For a more detailed disucssion on python NLP packages, I would recommend you reading this 
[article](https://elitedatascience.com/python-nlp-libraries).


In [None]:
import matplotlib.pyplot as plt
import numpy as np
import pandas as pd
import seaborn as sns
import sklearn as sk
import nltk
from textblob import TextBlob as TB, Word

### The training data
Let's load the training data:

In [None]:
df = pd.read_csv("../input/train.csv")
print('loaded %d samples with %d features' %(df.shape))

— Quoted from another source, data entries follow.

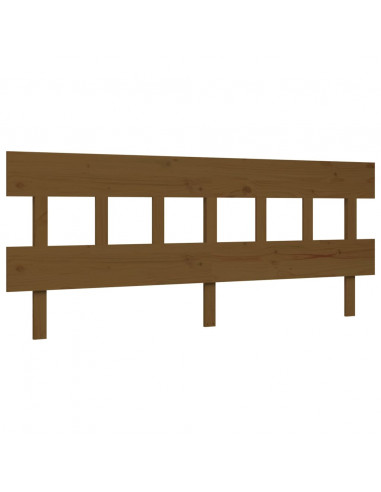 Giroletto con Testiera Miele 200x200 cm in Legno Massello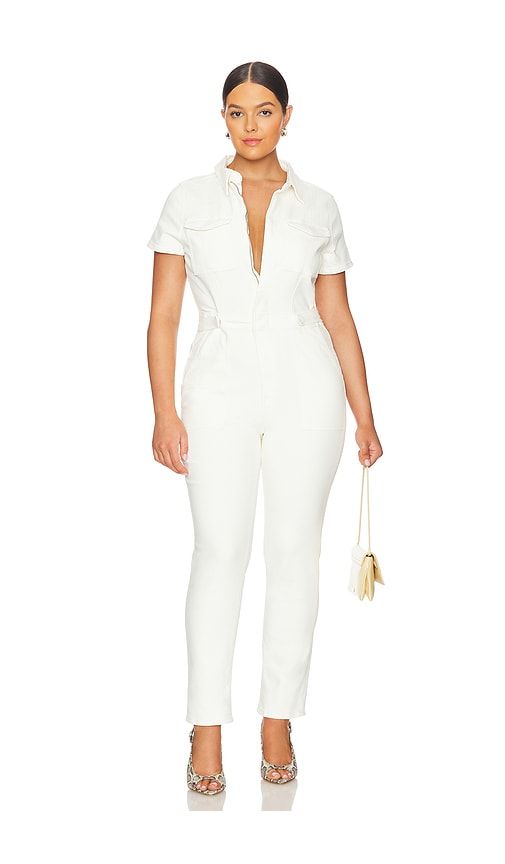 Fit For Success Jumpsuit in White. - size 4X (also in 5X) - Good American - Modalova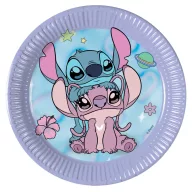   Disney Lilo și Stitch Angel Cute farfurie de hârtie 8 buc 20 cm FSC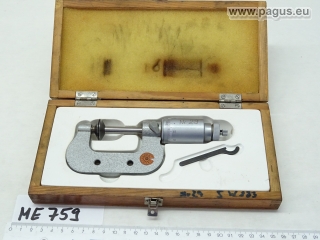 Feinmess. Suhl Bügelmessschraube mit Teller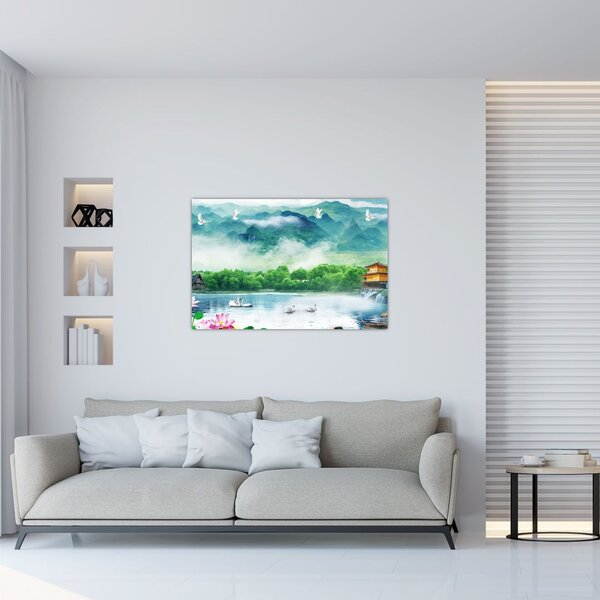 Tablou - Peisaj de vis (90x60 cm)
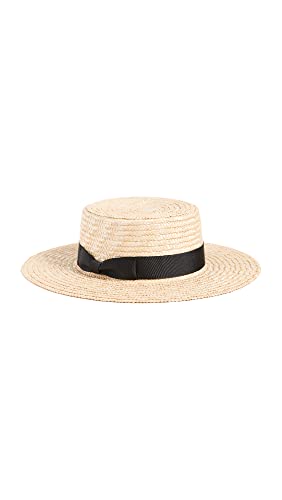 Women's Spencer Straw Boater Hat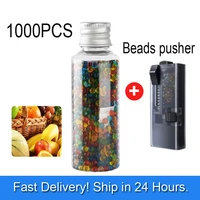1000pcs power mint cigarette pops beads pusher black ice menthol fruit flavour capsule ball filter holder smoking accessories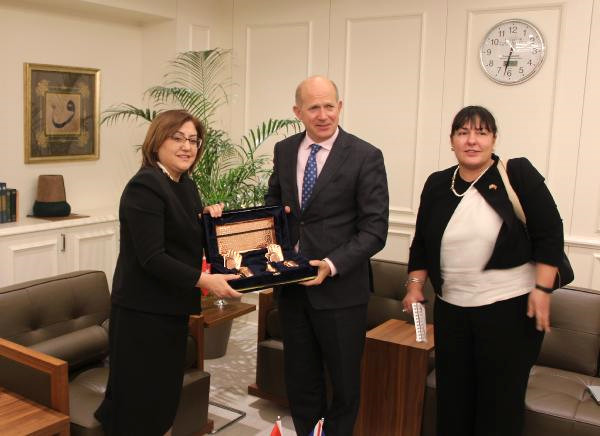 İngiltere Büyükelçisi Chilcott’tan Gaziantep’e ziyaret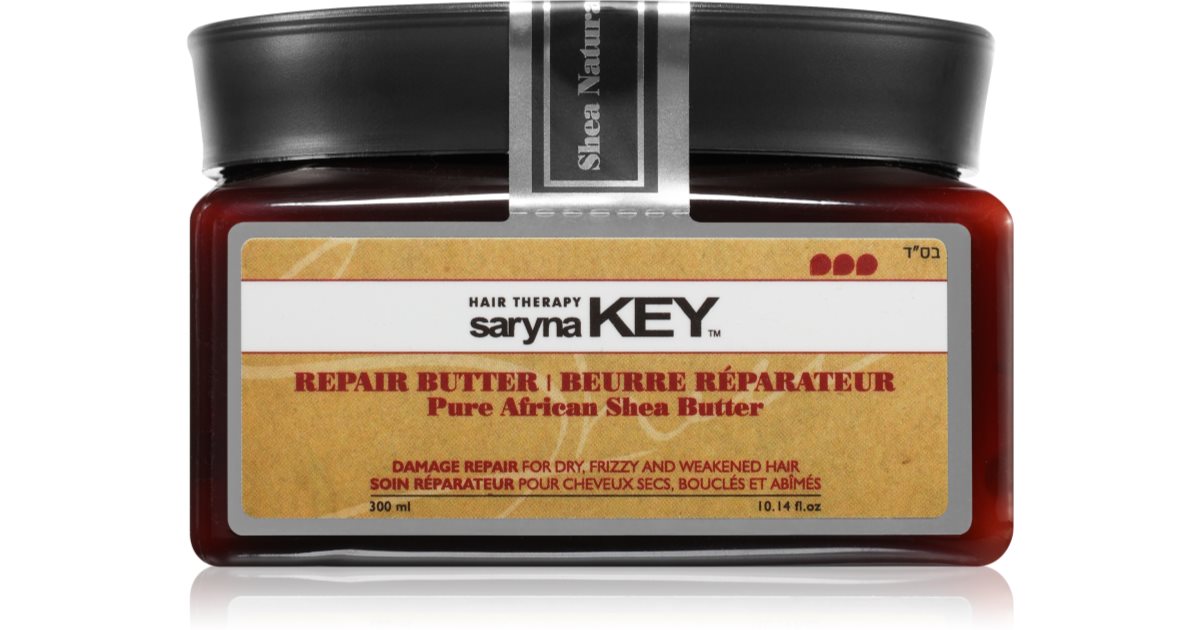 Saryna Key Pure African Shea Butter Repair maschera for hair with shea butter 300 ml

We can inspect the head and tail of our training set using `pandas.DataFrame`'s methods [head()](http://pandas.pydata.org/pandas-docs/stable/generated/pandas.DataFrame.head.html) and [tail()](http://pandas.pydata.org/pandas-docs/stable/generated/pandas.DataFrame.tail.html)

In [None]:
print(df.head())
print(df.tail())

As expected, we see that there is an ID which we need for the submission, some text snipped and the author.

### Target label encoding
The author is the target label we want to predict in this competition. However, not all algorithms handle non-numeric data well. It is easy to construct a one-to-one mapping for author -> code and then use the numeric code as label. Because this task is quite common, there is a convience function in the `sklearn` package doing exactly this: [LabelEncoder](http://scikit-learn.org/stable/modules/generated/sklearn.preprocessing.LabelEncoder.html). Because we are going to need it later anyway, we can add a new column with these numeric labels.

In [None]:
df['label'] = sk.preprocessing.LabelEncoder().fit_transform(df.author)
df.head()

We can quickly check that each author is mapped to exactly one label by grouping by the `author` column and counting how often different labels appear.

In [None]:
df.groupby('author').label.value_counts()

As expected we see exactly one label per author. Selecting on `label == 0` is equal to selecting on `author == 'EAP'` and similarly for the other authors.

### Training set balance
Let's see how many samples we have per author. In general, the performance of supervised learning algorithms can be impacted negatively if you have a very imbalanced distribution of target labels.

To check the balance of the training set we group the samples by author and count how many texts we find in each group. Then we plot this as bar chart. Thanks to `pandas` slim API this is a one-liner:

In [None]:
df.groupby('author').text.count().plot.bar(title = 'training set balance');

Things don't look too bad. We have more text snippets for Edgar while almost equally many for HP and Mary. The difference is not dramatic, but we will keep this in mind for later.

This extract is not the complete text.